Sure, it has pokémons, and I've heard many people making favourites pokémons out of this game (Grovyle, Celebi, Wigglytuff, many of the starters, etc...), and I've recently seen sorts of "recruit 'em all challange" gameplays on youtube, but the fact is another.

This is not just a Pokémon game, it's more.

It could have been a *blank* Mystery Dungeon game, with the same story, the same plot twists, the same music, the same graphic, and with characters with a different aspect: my opinion wouldn't change. The fact that there are pokémons, to me, is just an appreciated icing on the cake.

Having said that, gosh this game is underrated as hell. 5/5 may not be an objectively fair score. It has is flaws, of course; the perfect game does not exists.

The main story builds up a bit slowly, but once you're into it, it's beyond amazing. The post game is really good (unlike Rescue Team's). The special episodes? Three of them are ok, two of them are as wonderful as the main story. Every single character has his personality. Every, single, character.

And yeah, the OST is timeless, but those are tastes.

The graphic and sound quality? It's bad. It's a portable game, I couldn't expect less, and as a kid I didn't care. After replaying it as an adult, I cared, but it didn't stop me to enjoy the overall experience.
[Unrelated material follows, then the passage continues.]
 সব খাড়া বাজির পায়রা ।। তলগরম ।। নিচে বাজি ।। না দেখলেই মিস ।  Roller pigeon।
The difficulty is unbalanced, and can be quite frustrating for many players, so everyone who always complains about how easy (most of) the main series games are should have what they always wanted.
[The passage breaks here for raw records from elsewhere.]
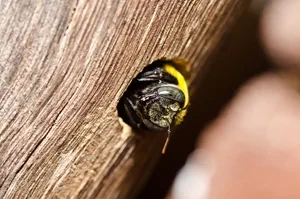 How to prevent carpenter bees from ruining your deck
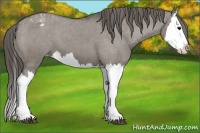 Horse Color:Grullo Roan Splash Blanket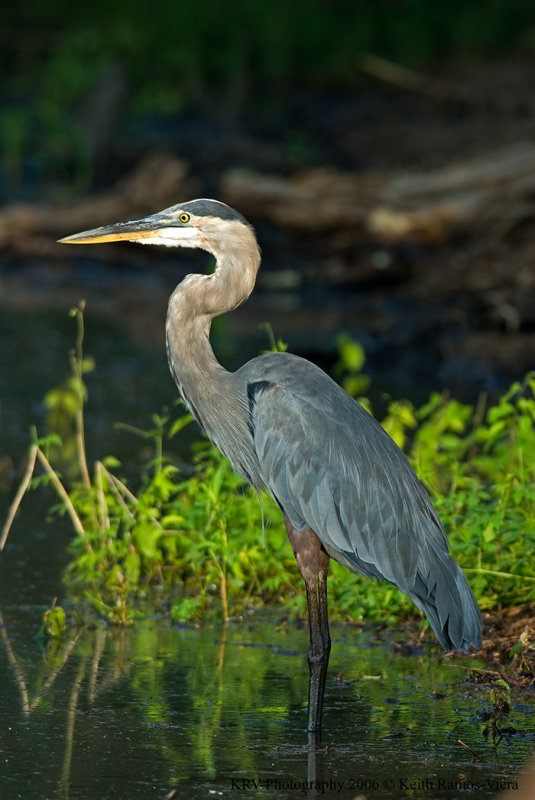 _KRV0457 Great Blue Heron.jpg
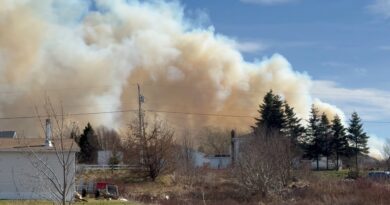 N.L. town declares state of emergency, issues evacuation order over wildfire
The more I got defeated, the more I got my poké-money reward reduced cause of the Guild's rule, the more I lost every item cause of a defeat, the more I ran into a monster house, the less I felt frustrated, and this helped me getting less frustrated at every injustice I got in real life. I'm not joking. This game actually helped me becoming a better person.
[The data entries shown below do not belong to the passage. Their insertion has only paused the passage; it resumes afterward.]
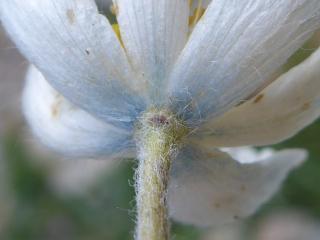 VTax194.Ex1.Img6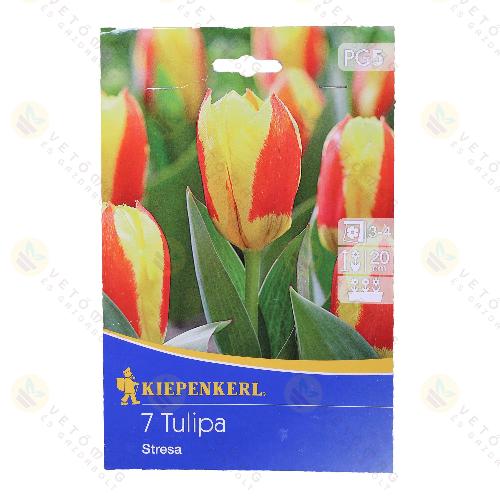 Tulip�n / Stresa / 7db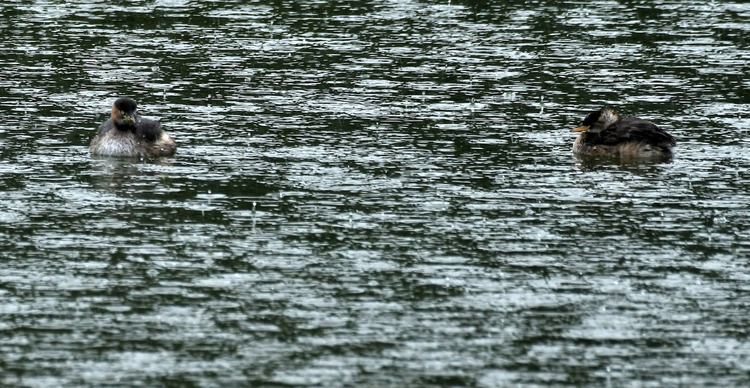 D5003_106576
This is my favourite game of all time. I can't recommend enough to everyone (expecially non pokémon fans) to give it at least a try, and if you don't like it, it's completely alright.

It's not the best game ever made, far from it. But it has received an undeserved treatment from the critics, that was about to ruin its reputation, if it wasn't for fans.

Reviewed on Jul 09, 2020


If you haven't played this, I guarantee it's better than you think it is.

Reviewed on Jun 01, 2020


Explorers of Sky would potentially sit right at home if adapted as a Saturday morning cartoon, its entire story and sequential chapters making solid episodic content, especially alongside Sky's new chapter additions that function as side episodes within select characters from the cast. It would join the leagues of Avatar: The Last Airbender and Infinity Train in that regard, because its lighthearted exterior builds a foundation to unravel a story with real depth to it.

That's where most of the appeal of Explorers of Sky comes from, and it certainly had a profound impact on me in my childhood, of which still lingers to this very day with every replay. Every particular scene has charm and real intent behind it, slowly showcasing the epic that is Explorer of Sky's narrative. The music helps too, with absolute bangers ranging from Treasure Town to Through the Sea of Time, emphasizing the emotional weight behind some of these story moments. Not a single hour went by where I wasn't immersed in the mysticism and engaging world on offer here, even shedding a tear at certain scenes.

It's a little disappointing that the somewhat below standard roguelite rpg gameplay that underlines it isn't particularly interesting or good, although I have found it to be less irritating over time. That has more to say about my unapologetic love of the game though than it is to say that it does actually get better. There is postgame on offer that does make use of its sparse mechanics, but generally it is something to give your hands something to do in between scenes. It takes up more than a solid 1/3 of the runtime though, so it's something to consider before jumping in.

That being said, I would recommend Explorers of Sky wholeheartedly. It's still one of my favorite games to this day, and my heart still wails after the end credits. At the very least, I do hope you give it a try, for a grand tale of time and darkness awaits you! (8.5/10)

Reviewed on Apr 19, 2020


You're just straight up fucking lying if you played this and didn't cry by the end.